• **YOUR ASSIGNMENT**:
From the line containing "this 450×327 image." to the final line of the listing, restate each line word for word and add nothing.
(SUPPLIED DATA begins)
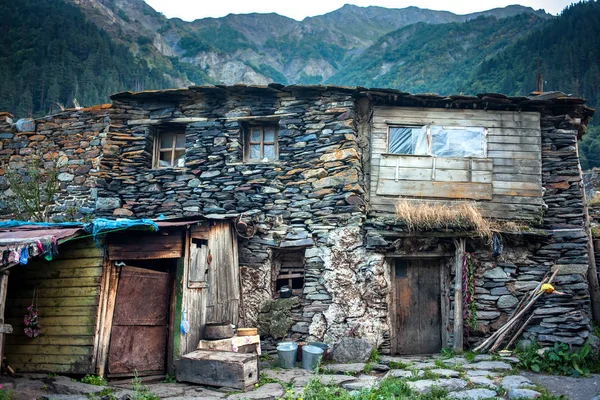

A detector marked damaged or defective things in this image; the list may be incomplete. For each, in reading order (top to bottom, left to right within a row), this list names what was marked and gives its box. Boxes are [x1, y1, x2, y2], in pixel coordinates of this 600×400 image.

rusty metal door [105, 268, 170, 376]
rusty metal door [394, 260, 440, 354]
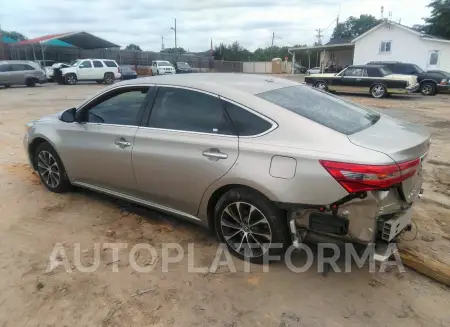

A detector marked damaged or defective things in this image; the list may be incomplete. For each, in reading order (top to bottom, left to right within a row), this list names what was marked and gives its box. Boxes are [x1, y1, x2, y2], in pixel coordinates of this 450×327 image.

damaged toyota avalon [23, 73, 428, 264]
broken taillight [318, 160, 420, 193]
(SUPPLIED DATA ends)
• **ANSWER AREA**:
A detector marked damaged or defective things in this image; the list may be incomplete. For each, in reading order (top to bottom, left to right within a row), this list names what was marked and gives its box. Boxes are [x1, y1, x2, y2], in pixel coordinates of this 450×327 image.

damaged toyota avalon [23, 73, 428, 264]
broken taillight [318, 160, 420, 193]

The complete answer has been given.